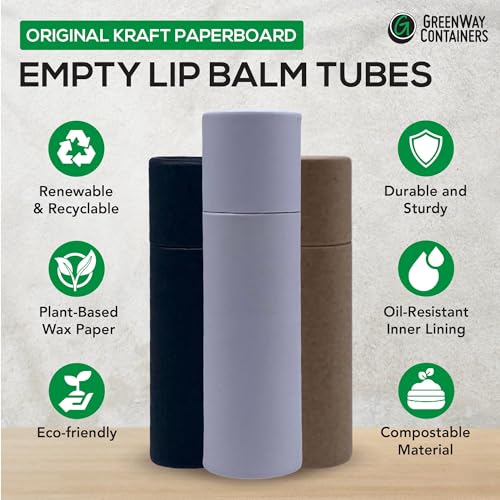 Eco-Friendly Kraft Lip Balm Tubes 0.3oz Pack of 100 - Brown Refillable Containers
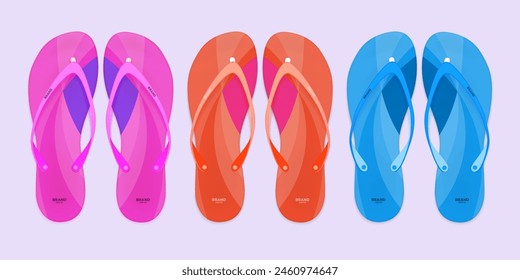 Hausschuhe Vektorillustration Set. Cartoon Wohnung Zuhause warme bequeme Schlafzimmerschuhe für Mann Frau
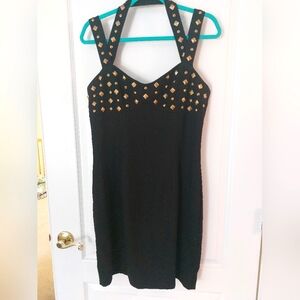 Vintage Laundry By Shelly Segal Size 12 Black Dress with Gold Studded Bust. EUC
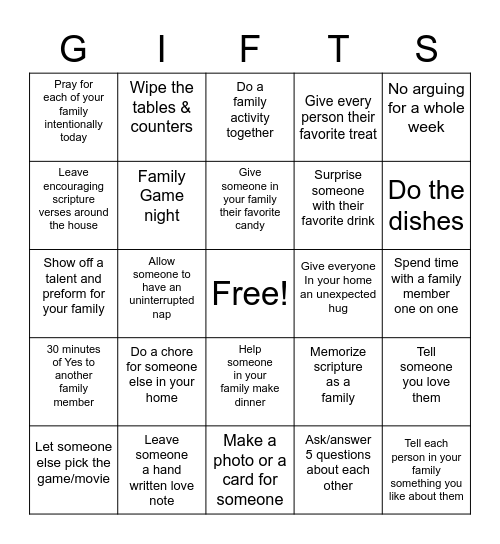 Family Gifting Bingo Card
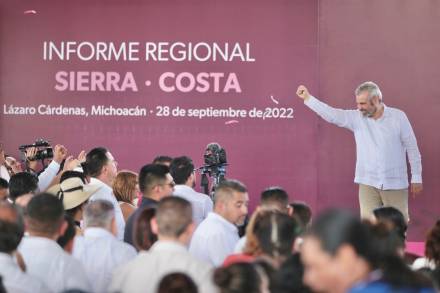 En el Informe Regional en Lázaro Cárdenas  Alfredo Ramírez Bedolla convoca a la Solidaridad con Personas Afectadas por los Sismos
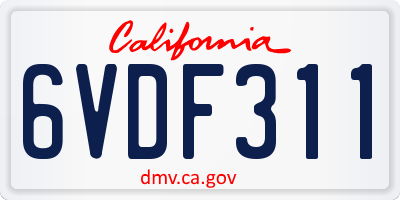 CA license plate 6VDF311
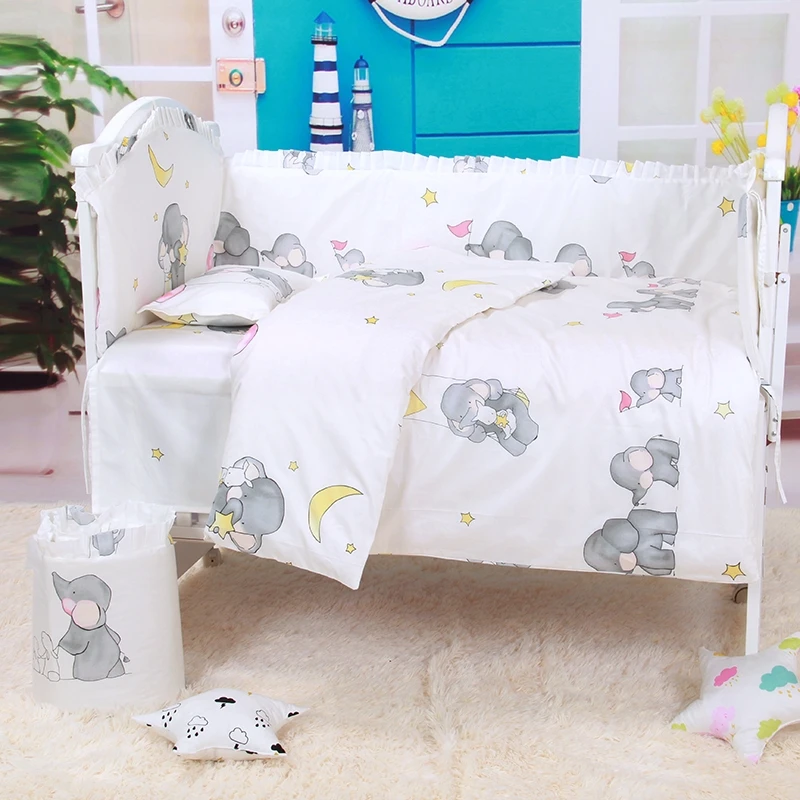 Seprai katun pelindung tempat tidur bayi, 6/9 buah Set tempat tidur bayi balita, Bumper tempat tidur bayi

________________

Directions:
Could you reproduce the listing above exactly and drop every picture?

Answer space:
 Eco-Friendly Kraft Lip Balm Tubes 0.3oz Pack of 100 - Brown Refillable Containers
 Hausschuhe Vektorillustration Set. Cartoon Wohnung Zuhause warme bequeme Schlafzimmerschuhe für Mann Frau
 Vintage Laundry By Shelly Segal Size 12 Black Dress with Gold Studded Bust. EUC
 Family Gifting Bingo Card
 En el Informe Regional en Lázaro Cárdenas  Alfredo Ramírez Bedolla convoca a la Solidaridad con Personas Afectadas por los Sismos
 CA license plate 6VDF311
 Seprai katun pelindung tempat tidur bayi, 6/9 buah Set tempat tidur bayi balita, Bumper tempat tidur bayi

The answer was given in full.